まず、風太郎先生の作品はスケールがとんでもないんですよ。連載をやっていたせいか、忍術の戦いがすごく多いんです。そういう読み物として作られた中にも、いわゆるアナーキーな、反権力的な要素は風太郎先生の作品には必ず出てくるので、そこは外せないかなと。権力に常に疑問を投げかけたり、盾突いてる人が必ずいたりとか、そういう部分ですね。

G:
山田風太郎イズムは外さずに、ということですね。

林:
原作にはかなり手を加えてるんですが、風太郎先生は昔から何一つ言われませんでした。風太郎先生が粋なのは、自分が書いた作品にこだわってないところですね。昔書いたものだし、こんなもん書いちゃったからお前ら好きにしていいよという。

G:
そういうスタンスの方だったんですね。

林:
やっぱり粋なんですよ。原作物をやると、原作のファンを裏切らないようにして欲しいとか、いろんなことを言われたりするものなんですが、風太郎先生は何一つ言わなかったんですね。今回の映画「影ノ月」に櫓平四朗というキャラクターが出てくるんですが、あのキャラクター造形も僕がやりまして、風太郎先生のイメージを念頭に置いてました。

G:
くノ一忍法帖シリーズは13年ぶりの復活ですが、今後続編を作っていきたいという思いはありますか?

林:
今回の「影ノ月」が成功すれば、どんどん作っていきたいですね。今度どの作品を題材にするかはお楽しみということで。

G:
まだまだ忍法のネタもいっぱいあるところですしね。

林:
ネタはいくらでも出てくるので。毎回考えてます。

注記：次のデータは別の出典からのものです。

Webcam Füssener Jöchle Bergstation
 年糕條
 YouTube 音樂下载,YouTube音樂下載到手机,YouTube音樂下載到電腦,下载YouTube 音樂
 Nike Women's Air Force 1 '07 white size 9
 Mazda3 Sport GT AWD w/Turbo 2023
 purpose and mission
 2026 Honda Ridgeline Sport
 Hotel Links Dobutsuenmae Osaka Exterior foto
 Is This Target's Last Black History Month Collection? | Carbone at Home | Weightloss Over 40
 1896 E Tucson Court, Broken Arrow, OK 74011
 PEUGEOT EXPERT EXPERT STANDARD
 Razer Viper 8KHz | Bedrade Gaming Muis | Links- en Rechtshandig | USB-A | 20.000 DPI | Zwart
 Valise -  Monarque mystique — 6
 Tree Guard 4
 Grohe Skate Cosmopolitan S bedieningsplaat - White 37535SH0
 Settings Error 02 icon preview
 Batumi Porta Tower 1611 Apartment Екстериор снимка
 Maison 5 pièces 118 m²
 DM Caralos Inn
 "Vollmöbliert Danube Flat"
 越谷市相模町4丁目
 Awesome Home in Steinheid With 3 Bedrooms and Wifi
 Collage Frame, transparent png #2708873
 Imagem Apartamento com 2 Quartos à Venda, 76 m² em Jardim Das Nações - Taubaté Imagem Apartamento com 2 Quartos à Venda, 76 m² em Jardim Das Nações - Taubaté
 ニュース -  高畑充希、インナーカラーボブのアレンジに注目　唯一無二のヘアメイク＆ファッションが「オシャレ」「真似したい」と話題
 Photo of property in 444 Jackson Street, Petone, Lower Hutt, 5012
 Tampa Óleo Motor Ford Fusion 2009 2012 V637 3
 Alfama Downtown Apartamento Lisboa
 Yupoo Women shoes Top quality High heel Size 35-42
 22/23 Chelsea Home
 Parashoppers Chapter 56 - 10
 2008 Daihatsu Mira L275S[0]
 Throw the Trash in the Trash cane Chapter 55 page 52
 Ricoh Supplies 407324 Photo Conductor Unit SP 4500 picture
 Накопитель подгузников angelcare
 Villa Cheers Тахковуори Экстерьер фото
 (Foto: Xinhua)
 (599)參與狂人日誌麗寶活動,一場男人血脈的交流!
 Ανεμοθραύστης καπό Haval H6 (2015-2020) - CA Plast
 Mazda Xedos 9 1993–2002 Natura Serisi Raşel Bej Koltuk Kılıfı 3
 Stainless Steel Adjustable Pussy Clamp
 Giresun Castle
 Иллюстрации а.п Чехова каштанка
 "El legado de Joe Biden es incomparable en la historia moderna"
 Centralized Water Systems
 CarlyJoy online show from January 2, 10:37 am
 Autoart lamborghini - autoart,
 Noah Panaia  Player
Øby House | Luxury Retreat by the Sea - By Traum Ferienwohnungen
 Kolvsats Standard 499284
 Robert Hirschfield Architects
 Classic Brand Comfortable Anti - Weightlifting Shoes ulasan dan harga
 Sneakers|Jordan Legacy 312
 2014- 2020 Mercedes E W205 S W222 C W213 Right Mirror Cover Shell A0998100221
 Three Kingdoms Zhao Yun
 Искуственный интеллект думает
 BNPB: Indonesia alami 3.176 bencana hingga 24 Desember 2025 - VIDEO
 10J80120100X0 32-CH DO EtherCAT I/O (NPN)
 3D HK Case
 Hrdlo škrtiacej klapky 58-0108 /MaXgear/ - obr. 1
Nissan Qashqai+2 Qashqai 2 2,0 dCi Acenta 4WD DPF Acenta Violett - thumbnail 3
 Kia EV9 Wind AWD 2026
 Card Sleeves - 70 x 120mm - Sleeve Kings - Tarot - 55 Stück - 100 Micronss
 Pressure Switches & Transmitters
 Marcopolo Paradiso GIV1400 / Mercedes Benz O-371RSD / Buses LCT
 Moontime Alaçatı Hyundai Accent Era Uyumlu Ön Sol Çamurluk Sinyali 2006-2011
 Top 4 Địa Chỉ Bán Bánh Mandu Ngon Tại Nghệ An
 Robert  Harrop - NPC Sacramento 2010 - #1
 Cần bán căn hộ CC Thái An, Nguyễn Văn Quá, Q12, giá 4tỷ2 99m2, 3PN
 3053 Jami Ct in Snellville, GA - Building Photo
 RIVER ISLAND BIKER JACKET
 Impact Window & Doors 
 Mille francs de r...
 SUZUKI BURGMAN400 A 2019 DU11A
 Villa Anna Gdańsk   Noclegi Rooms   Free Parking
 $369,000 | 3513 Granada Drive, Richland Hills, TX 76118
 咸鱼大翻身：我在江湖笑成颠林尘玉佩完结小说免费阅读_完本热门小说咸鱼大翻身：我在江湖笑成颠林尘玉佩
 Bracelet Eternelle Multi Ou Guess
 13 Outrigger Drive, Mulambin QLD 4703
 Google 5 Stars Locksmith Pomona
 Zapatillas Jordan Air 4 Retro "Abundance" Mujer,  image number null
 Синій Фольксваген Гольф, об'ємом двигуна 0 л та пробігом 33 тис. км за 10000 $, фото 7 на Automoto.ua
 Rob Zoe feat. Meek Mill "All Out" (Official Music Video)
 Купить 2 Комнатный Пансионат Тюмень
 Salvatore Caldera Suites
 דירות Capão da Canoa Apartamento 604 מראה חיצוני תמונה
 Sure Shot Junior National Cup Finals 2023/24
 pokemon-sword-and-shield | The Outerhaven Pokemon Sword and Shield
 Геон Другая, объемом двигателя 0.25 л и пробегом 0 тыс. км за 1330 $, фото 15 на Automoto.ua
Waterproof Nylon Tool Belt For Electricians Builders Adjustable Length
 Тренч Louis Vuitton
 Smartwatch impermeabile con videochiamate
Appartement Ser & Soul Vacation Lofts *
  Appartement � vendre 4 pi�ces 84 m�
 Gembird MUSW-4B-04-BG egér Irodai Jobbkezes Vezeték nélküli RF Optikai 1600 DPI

「影ノ月」では、みんな頑張って熱演しているので、ぜひ見て楽しんでもらいたいなと思います。阿部さん演じる砂子剣という、ちょっと男っぽかったお姉ちゃんが、途中で人生に立ち止まって、少し柔らかくなったかなっていう物語です。そこが一番分かりやすい部分ですね。阿部さんが最後に少し色っぽくなったかなと。

G:
ありがとうございました。


「くノ一忍法帖 影ノ月」のポスターを挟んで阿部さんと森下さんのツーショット。6月4日から、銀座シネパトスほかでロードショーの予定です。